Car issues? Maybe it’s your health, like me.
Or, on a micro scale of our own little households, maybe we see the pile of dirty dishes (again).
The endless laundry that needs washing, drying, sorting, and folding.
Every minute on the minute, something to be done.
Enough with the Navel-Gazing
Let’s talk discipline.
Ugh, I know.
Discipline is that dreadful thing we must sow, if we are to reap the good things.
And let’s be honest. Does anyone approach discipline with a smile and open arms?
All too often, we confront discipline with resistance. Lots of it. But if we embrace the grit, discipline results in habit, and habits shape our lifestyle.
Usually we think of discipline in the context of a healthy lifestyle, as in:
“I need to exercise more” or “I really should quit XYZ.”
But how about the discipline of thankfulness?
You heard that, kids. Gratitude as discipline — and it can be a glorious thing.
On Sunday evening, I asked my kids their favorite part of Thanksgiving week (you know, the week I spent mostly in bed and scratched our “fun” plans off the calendar).
I was expecting an answer like “getting to play video games” or “all the movies we got to watch” or “our new TV” (we finally upgraded from a tube TV that we had for 15 years).
Instead, I heard “getting to spend lots of time with you and dad.”
Thankfulness not borne of circumstance, but perspective.
Having Laundry To Fold Means That Your Family Is Alive
I’m not exactly sure how it works, but a posture of gratitude magically puts life into perspective.

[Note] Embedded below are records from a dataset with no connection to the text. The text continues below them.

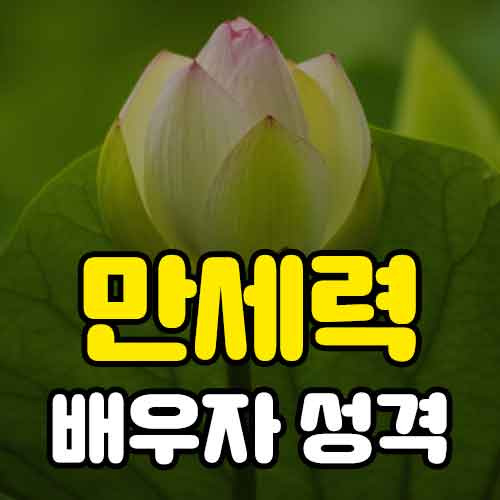 만세력 사주로 배우자 성격 보는법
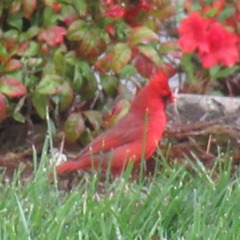 Cardinalis cardinalis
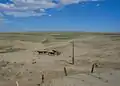 Pferde am Nordrand der Gobi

With the seemingly endless list of things I cannot eat, comes the reality that there are things I’m able to tolerate. I live in the developed world and have access to healthcare. I could even go straight to a specialist! Sure, it takes patience and skill to navigate insurance and authorizations, but I can undergo testing without having to wait months on end.
I haven’t lost my sense of smell, and can still sip-swish-spit my wine.
The pile of dirty laundry means that there are people in my family getting those clothes dirty, which means that they are still alive. I’d much, MUCH rather the laundry than the alternative.
So let’s be thankful. Especially when you don’t feel like it. It’s as ridiculously hokey — and effective — as it sounds.
Plus, there is evidence that gratitude leads happiness. And who doesn’t want more happy?
The Discipline of Thanks: One-Two Punch
So, yes. It IS possible to still practice thankfulness even though one area (or multiple areas) in your life, sucks.
Let us therefore challenge ourselves to practice a discipline of genuine thanks.
Here are two (only two!) to-do’s, guaranteed to change your perspective, for as long as you allow it to:
- Be thankful for the here and now. Meaning this instant, in time and space. Yes, you have been hurt / betrayed / misunderstood / disappointed / etc. But if you can still breathe, simply be grateful for the air in your lungs.
- Tell someone you’re thankful for them. Sowing seeds into people around you, and blessing them unequivocally, no strings attached? It costs nothing. Besides, who ever complained about being appreciated? Exactly.
Practice daily, multiple times a day.
I’m not suggesting that you feign a smile for the sake of being in a better mood. Just practice simple, genuine gratitude.
Life is too short to walk around entitled. Practice thanks. Bless others.
Who do you need to thank? What are you thankful for?